La rutina, tan relajante, ha vuelto por sus fueros.

No hay nada tan agotador como inventar los días. Las vacaciones tienen esa carga paradójica que dispara las mentes hacia la aventura y los cuerpos hacia la pereza, en una lucha antitética donde uno acaba extenuado por decreto. Pero en cambio llega la dictadura del despertador, el reparto de chukis en el cole, la bronca porque se dejan la ropa por el suelo y la mesa con su ordenador en on y uno se siente extrañamente relajado.

Es la dictadura del tiempo. Una hora para el desayuno rápido, otra para el periódico y apenas unos minutos para mirarse al espejo y comprobar que los gestos somnolientos siguen ahí. Mi chuki grande, muy desafecta a los cambios, solía pedir el aperitivo a la una y cuarto los domingos. Ni antes, ni después. A mí me preocupaba seriamente tanto corsé mental, de manera  que estiraba los minutos para sorprenderla y obligarla a adaptarse, pero ni por esas. Al fin entendí que la exactitud le daba alas como la improvisación me las da a mí.
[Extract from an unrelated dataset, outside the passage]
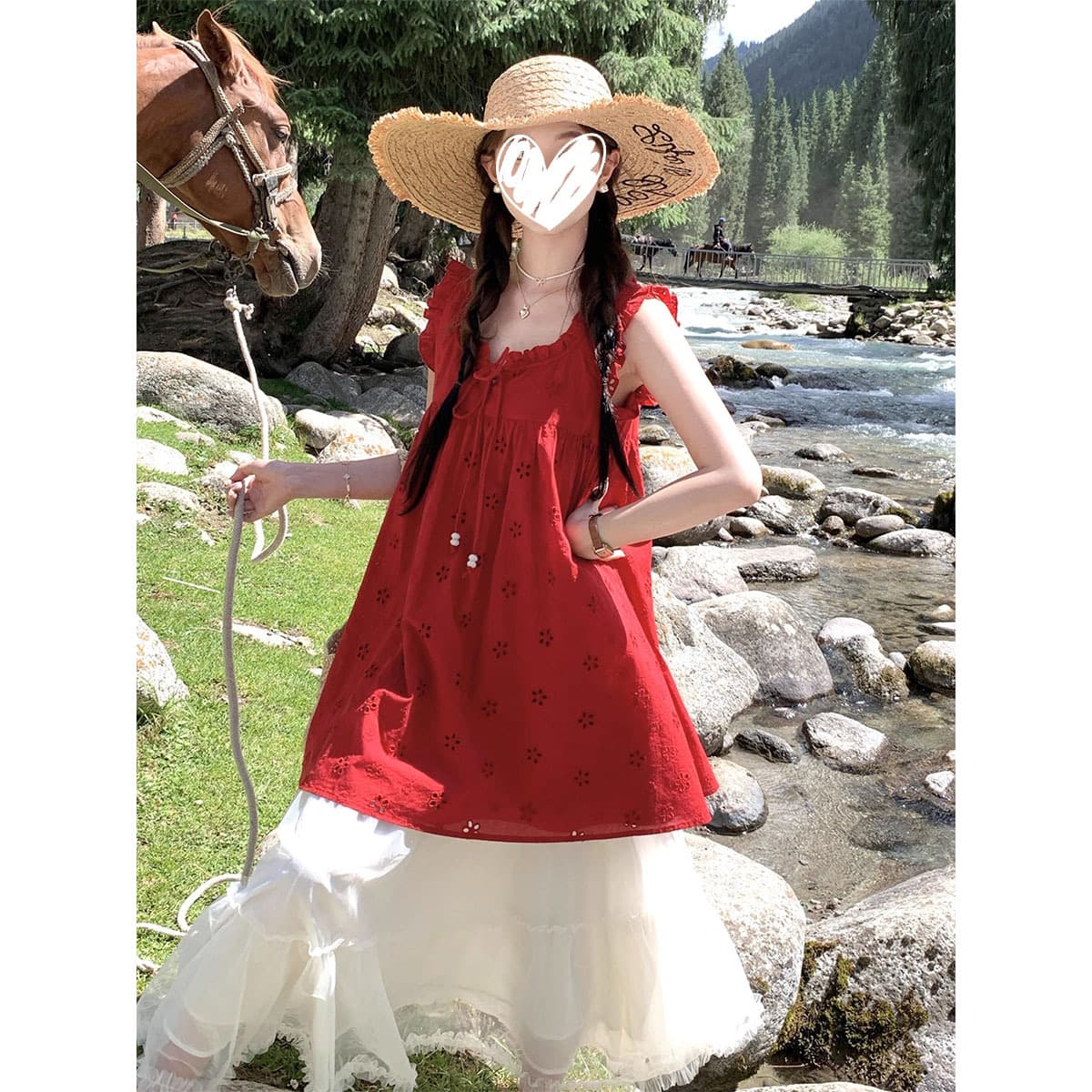 French resort style red mid-length hollow loose suspender dress for women white mesh skirt two-piece set 2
La anarquía de las vacaciones se paga muy cara, y ahí está minichuki peleándose por las sábanas mientras pienso si la indulto y, por un día, le perdono su clase de inglés con legañas, o me pongo a cantarle el himno de la Legión, como hacía mi padre, y que se adapte a lo bestia a los cambios. Se acabaron los villancicos (sayonara, baby), vuelven las letras de Openbank con sus tipos de interés al día, el portero con su risa falsa, el violinista de la calle y las prisas de un año que se aventura cruel y catastrófico según todas las voces.

Y, como el shock se me antoja amargo como la cicuta, hoy estaré de vacaciones para descansar de las vacaciones. Sin tiempo que ganar ni que perder, en un estado demiúrgico del que ruego no me rescaten jamás. Bienvenidos a mi particular Día de la Marmota. ¡Bill Murray, mon amour, aquí te espero!